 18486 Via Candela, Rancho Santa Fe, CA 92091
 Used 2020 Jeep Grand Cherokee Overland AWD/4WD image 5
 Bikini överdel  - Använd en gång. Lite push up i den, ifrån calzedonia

════════════════════

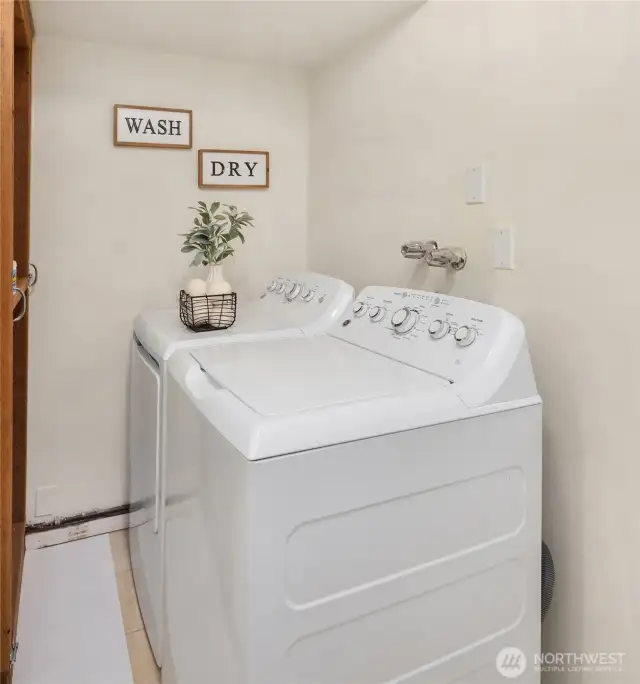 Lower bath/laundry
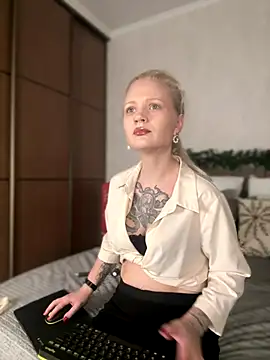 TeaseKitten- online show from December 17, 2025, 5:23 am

════════════════════

WHAT THE EXERCISE ASKS »
Both end lines included, restate word for word the lines above from the line with "Used 2020 Jeep" to the line with "den, ifrån calzedonia", and nothing else.

SOLUTION TO THE EXERCISE »
 Used 2020 Jeep Grand Cherokee Overland AWD/4WD image 5
 Bikini överdel  - Använd en gång. Lite push up i den, ifrån calzedonia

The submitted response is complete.